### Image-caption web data
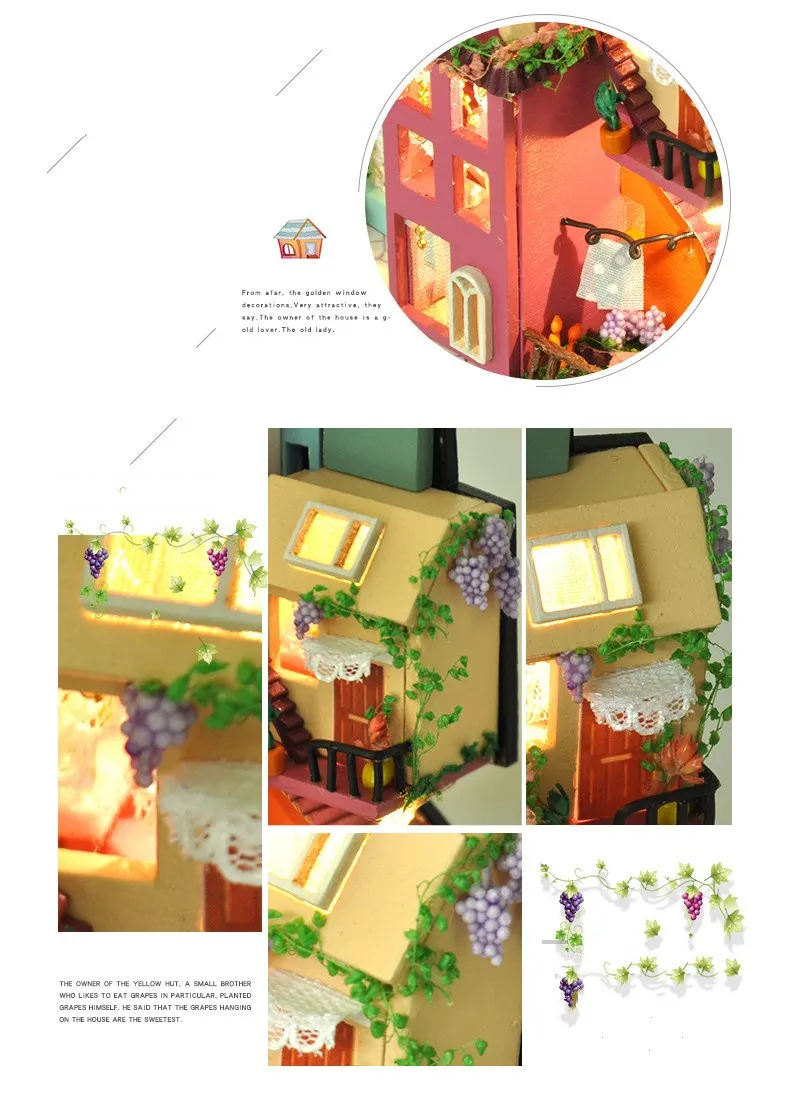 DIY Кукольный дом мебель сказочный город миниатюрный кукольный домик игрушки для детей милые семьи дом Casinha De Boneca Кукольный дом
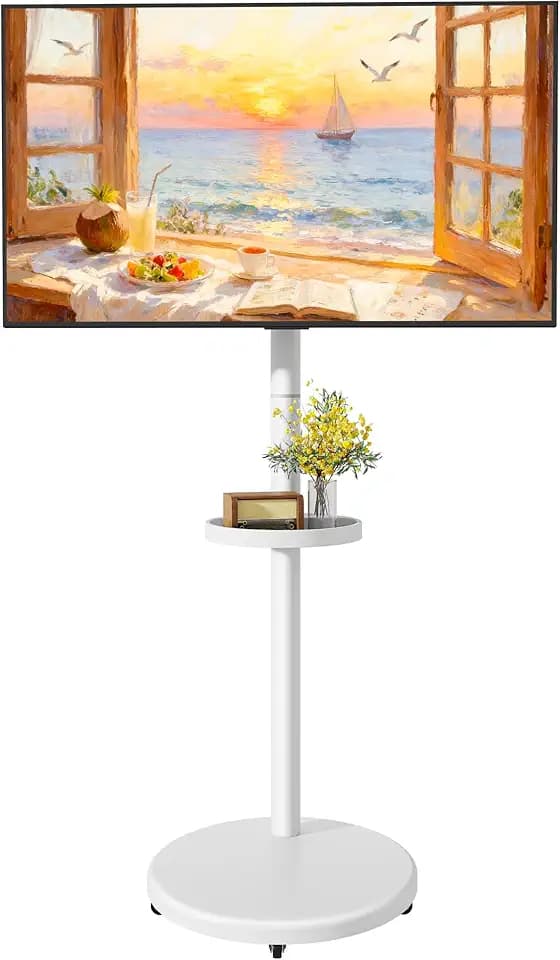 Rolling TV Stand for 13-43" TVs, 33 lbs, White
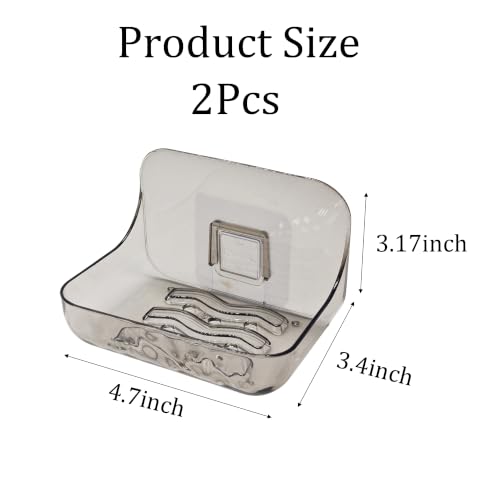 2Pcs Black Clear Acrylic Soap Dish, Self Draining Soap Holder for Shower, Wall Mounted No Drilling Adhesive Soap Saver Tray for Bathroom, Kitchen Sink, Tub Organizer - color: Black Clear
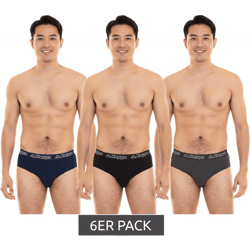 6er Sparpack Kappa Herren Slip mit Baumwoll-Stretch Unterwäsche mit Logobund Unterhose 711167 Schwarz, Blau oder Grau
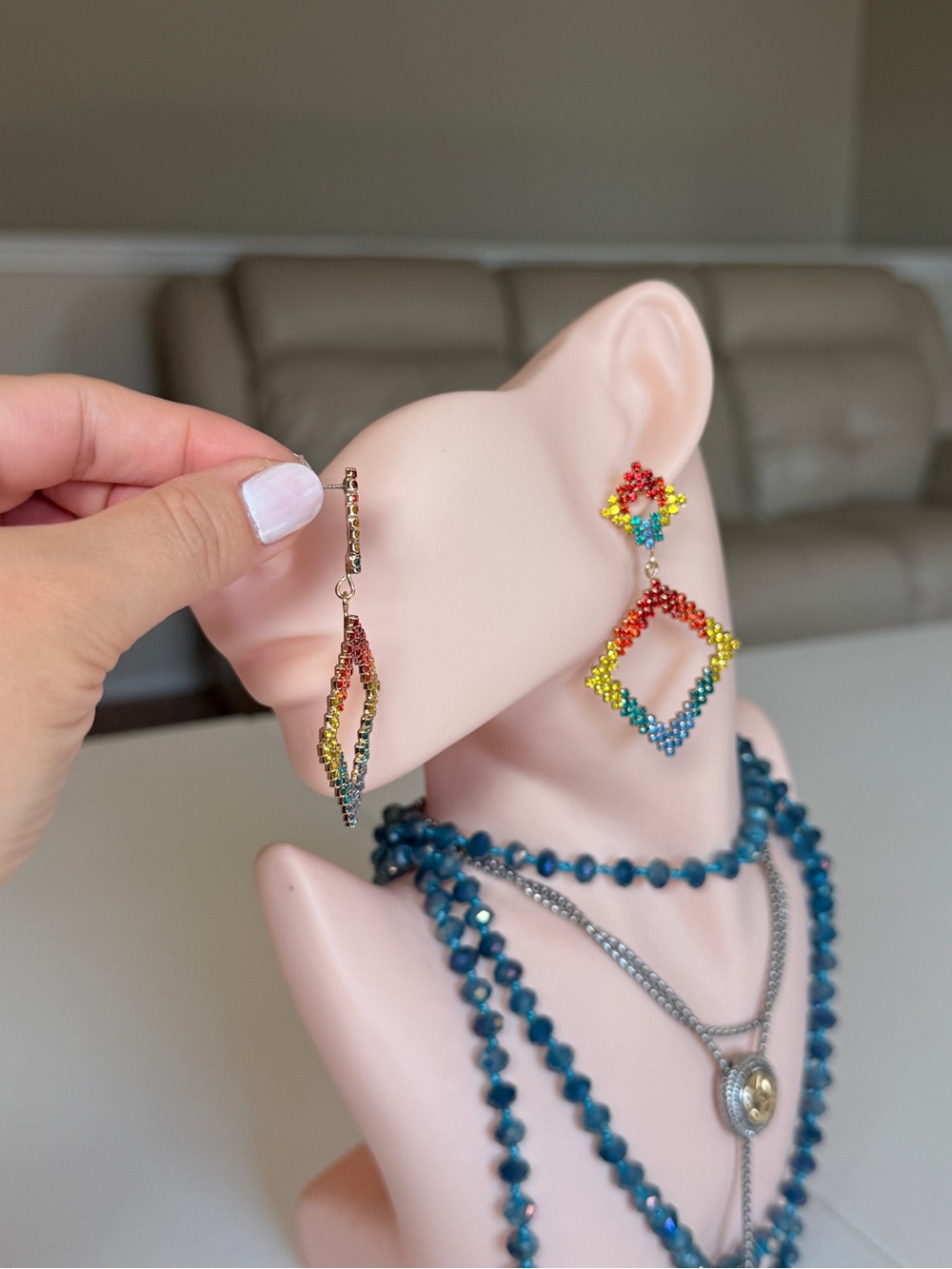 Colorful Drop Dangle Earrings - Multicolor - Picture 6 of 12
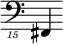 { \new Staff \with { \remove "Time_signature_engraver"} {\clef "bass_15" fis,,,4}}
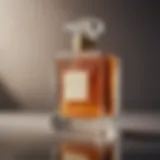 Elegant perfume bottle bathed in soft light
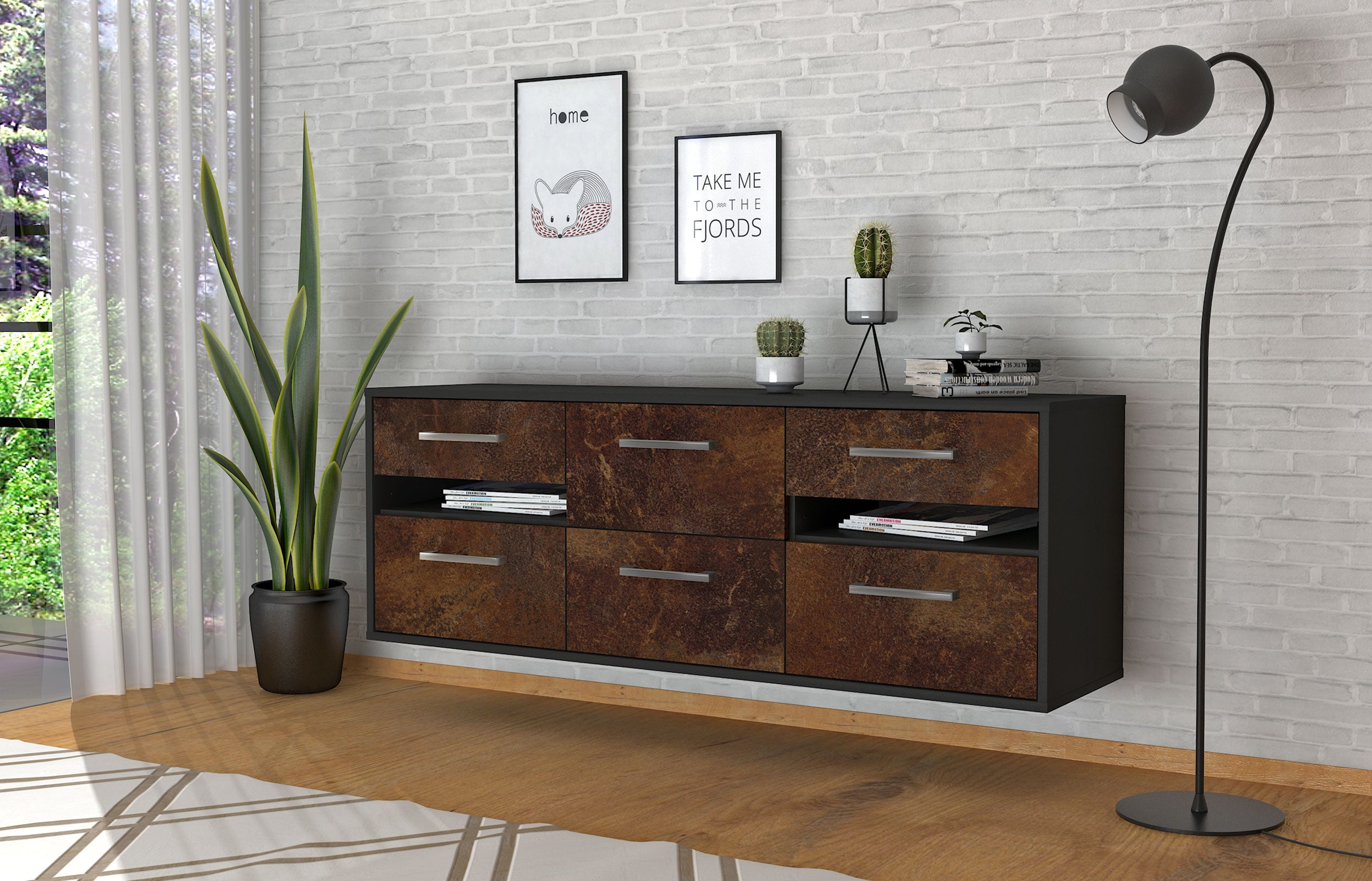 Lowboard - Andrea - Design Industrie Stil - Wandmontage mit Griffe 136 cm Anthrazit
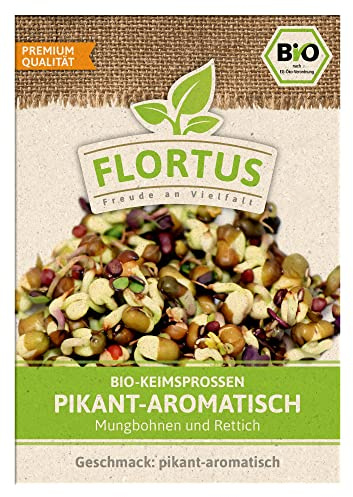 FLORTUS BIO Keimsprossen Pikant-Aromatisch (Mungbohnen und Rettich) | Gesunde & leckere Keimsprossen | Sprossensaat | Keimsprossen | Keimsaaten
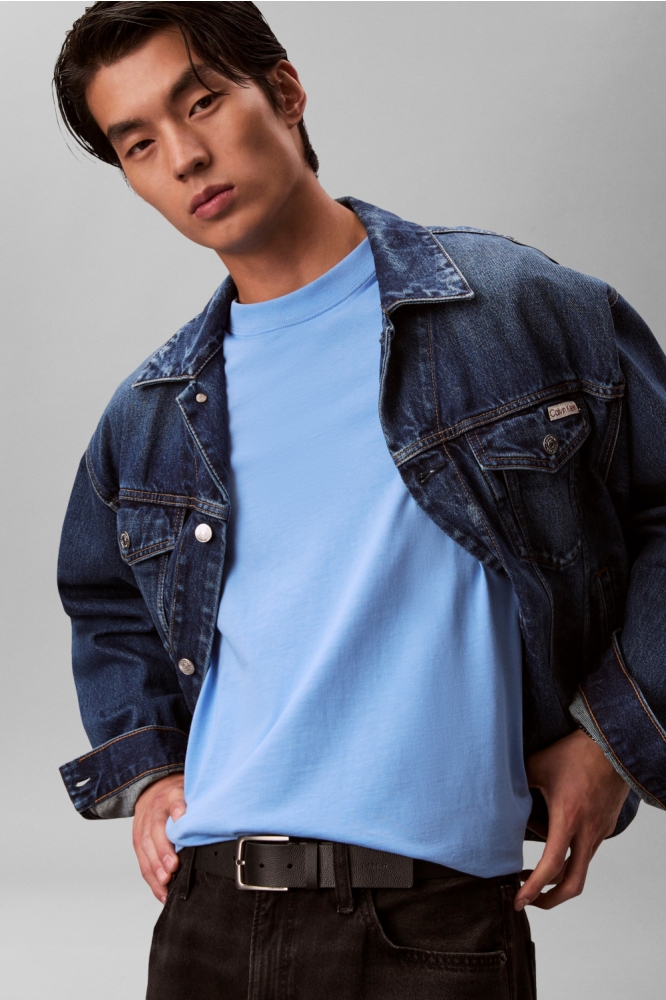 Calvin Klein blauwe heren t-shirt | Model vooraanzicht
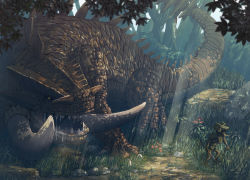 behemoth commentary_request dragon&#039;s_dogma dragon&#039;s_dogma_(series) dragon&#039;s_dogma_online earasensha forest goblin nature no_humans open_mouth polearm saliva spear tree tusks weapon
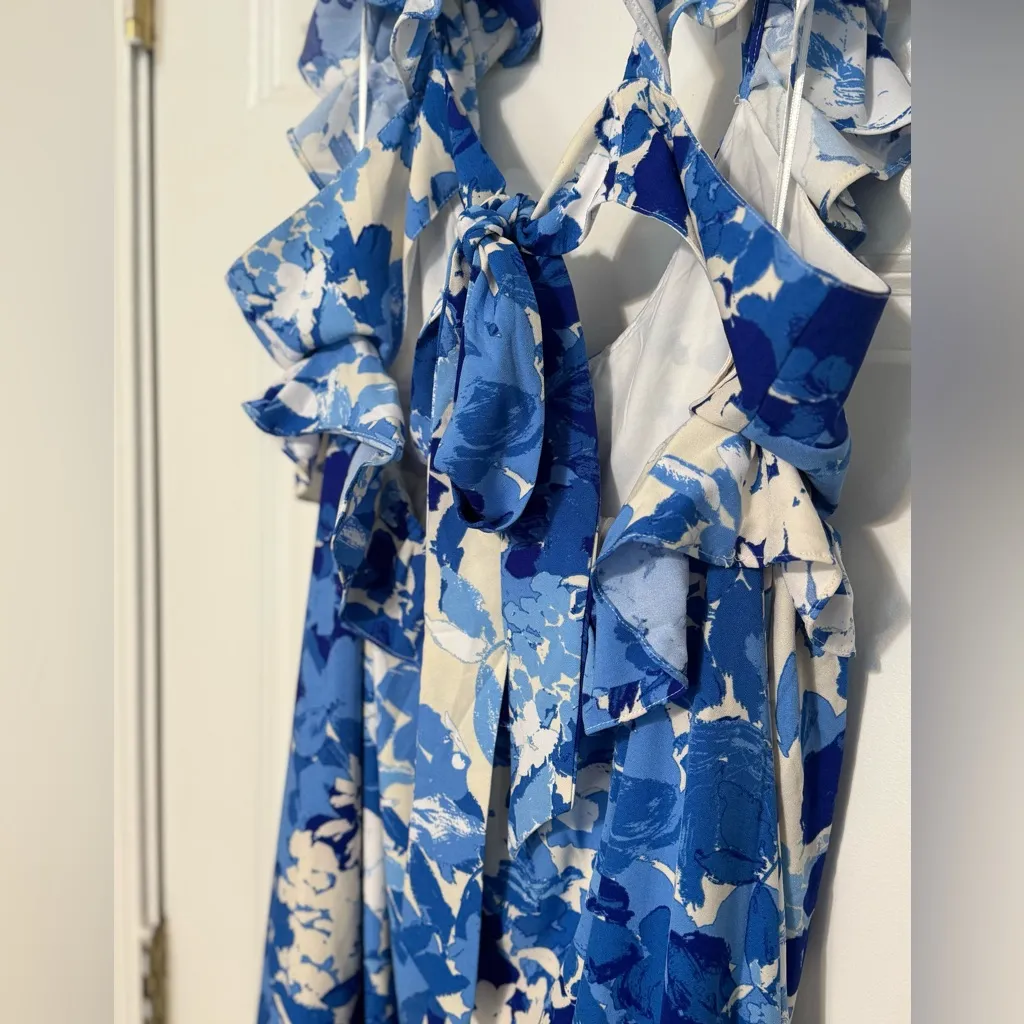 NWOT Sugarlips Gypsum Berry Abstract Floral Tie Back Cutout Midi Dress Large - Image 6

### ACTIVITY
Lines from the one that contains "Lowboard - Andrea" through the last line of the data above are to be extracted exactly, with no pictures and no other lines.

### PROBLEM SOLUTION
 Lowboard - Andrea - Design Industrie Stil - Wandmontage mit Griffe 136 cm Anthrazit
 FLORTUS BIO Keimsprossen Pikant-Aromatisch (Mungbohnen und Rettich) | Gesunde & leckere Keimsprossen | Sprossensaat | Keimsprossen | Keimsaaten
 Calvin Klein blauwe heren t-shirt | Model vooraanzicht
 behemoth commentary_request dragon&#039;s_dogma dragon&#039;s_dogma_(series) dragon&#039;s_dogma_online earasensha forest goblin nature no_humans open_mouth polearm saliva spear tree tusks weapon
 NWOT Sugarlips Gypsum Berry Abstract Floral Tie Back Cutout Midi Dress Large - Image 6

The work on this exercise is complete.